[ad_1]
Sam Edwards is a freelance journalist in Barcelona
When 6,000 people pushed off a Moroccan beachfront Monday, swam around two border walls and waded into the Spanish enclave of Ceuta, the question was why Morocco’s normally aggressive border patrols had let them get that far.
The answer: It was a message. With Morocco, the European Union has made the same mistake it made with Turkey just five years ago. It has granted massive leverage to an unpredictable partner by striking a deal in which Morocco receives assistance in exchange for preventing refugees from travelling into Europe.
That means when Spain does something Morocco doesn’t like, Rabat can play hardball by opening up its borders, however briefly. Monday’s crossings prompted Spanish Prime Minister Pedro Sanchez to hastily return home from a summit in Paris. Units of the Spanish army have deployed to Ceuta, where tanks are now parked on the beach. More people crossed into Ceuta on Monday than arrived in both Ceuta and Spain’s other African enclave Melilla in all of 2020 or 2019. Spain’s other common destination for migration, the Canary Islands, didn’t see more than 1,500 arrivals in a day last year.

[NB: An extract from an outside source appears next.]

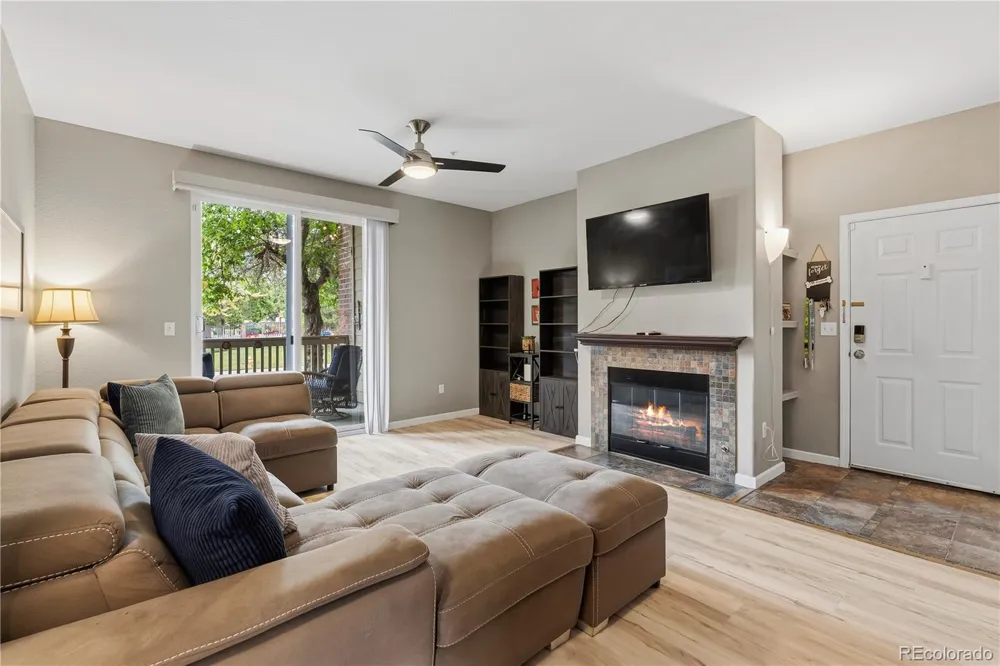 1691 W Canal Circle #1117 Littleton, CO 80120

Morocco’s move was a reminder that Spain better keep good relations. Rabat was outraged last month by Madrid’s decision to allow Brahim Ghali, the 73-year-old leader of the Polisario Front, a Sahrawi rebel group that disputes control of Western Sahara with Morocco, to enter Spain to receive medical treatment for COVID-19.
Morocco’s foreign ministry “deplored” the decision, calling the Sahara question “fundamental” and Spain’s move “in counter to the spirit of partnership and cooperation” between the two countries. Morocco stood down border patrols the next day. On April 26, 128 people swam the same short distance from Morocco to Ceuta, with Moroccan forces reportedly taking no steps to stop the crossing. Spain and the EU have long relied on Morocco to control migration to Europe, and often the relationship has worked smoothly. EU and Spanish leaders frequently boast of the good relations with Morocco, attributing their success in reducing irregular migration in the western Mediterranean to the partnership with Rabat.
And yet, despite the huge sums of money the EU has spent — much of it to pay Morocco for policing buffer zones beside EU border walls — the fundamental dynamics of migration in the Gibraltar straights have not changed. People keep attempting to enter Europe from Morocco, and Europe keeps hoping they stay on the Moroccan side of the wall or sea.
Now that the message has been sent, tensions between Madrid and Rabat will likely deescalate, but the incident underscores the fragility of the EU’s dependence on Morocco. In a hastily-arranged address Tuesday, Sanchez found it necessary to reaffirm Madrid’s commitment to protecting its two tiny North African territories.
“We will be firm in the face of any challenge, before any eventuality and under any circumstance,” Sanchez said. No one had asked.
This isn’t the first time a diplomatic kerfuffle between Spain and Morocco has played out along their African border — with the lives of migrants used as bargaining chips. After the European Court of Justice ruled in 2016 that occupied Western Sahara was distinct from Morocco, Rabat relaxed police patrols, leading to several large crossings near Ceuta. Two years earlier, more than a 1,200 people overwhelmed Spanish border guards in Ceuta after patrols on the Moroccan side evaporated. Coincidentally, Spanish police had just unwittingly boarded Moroccan King Mohammed VI’s yacht, interrupting him while he was out for a sail.
Perversely, cooperation on the border often continues even when it is being engineered by one side to break down. Spain and Morocco have already agreed on returning 2,700 of the estimated 6,000 people currently waiting in Ceuta. The cooperation, which is based on a 1993 readmission agreement, will likely help repair relations between the neighbors. But it also means Morocco and Spain will have again used the migrants, many of whom are children, as bargaining chips in an unrelated diplomatic spat. One person died attempting to cross Monday and thousands now need shelter, some having arrived with only a swimsuit.
Despite the recent trouble, the partnership is likely to continue. Spain and the EU continue to build border defenses, the bloc has agreed to co-finance an €18 million project the bolster the fences around both enclaves. Much greater sums are being spent on EU-Moroccan cooperation. Since 2014, Morocco has received some €343 million from the bloc. Negotiations for continued cooperation could reportedly see that figure rise to as much as €3.5 billion for the period between 2020 and 2027.
Monday’s crossings will have little impact on Spain’s economy or demographics, and Morocco’s often violent border guards will be back on duty watching Europe’s southern border soon enough. But what the events have made clear is the biggest effect of the EU’s spending on migration has not been to bolster the bloc’s borders or protect the people tempted to make the crossing. What it’s done instead is hand power to a king who’s not afraid to use it.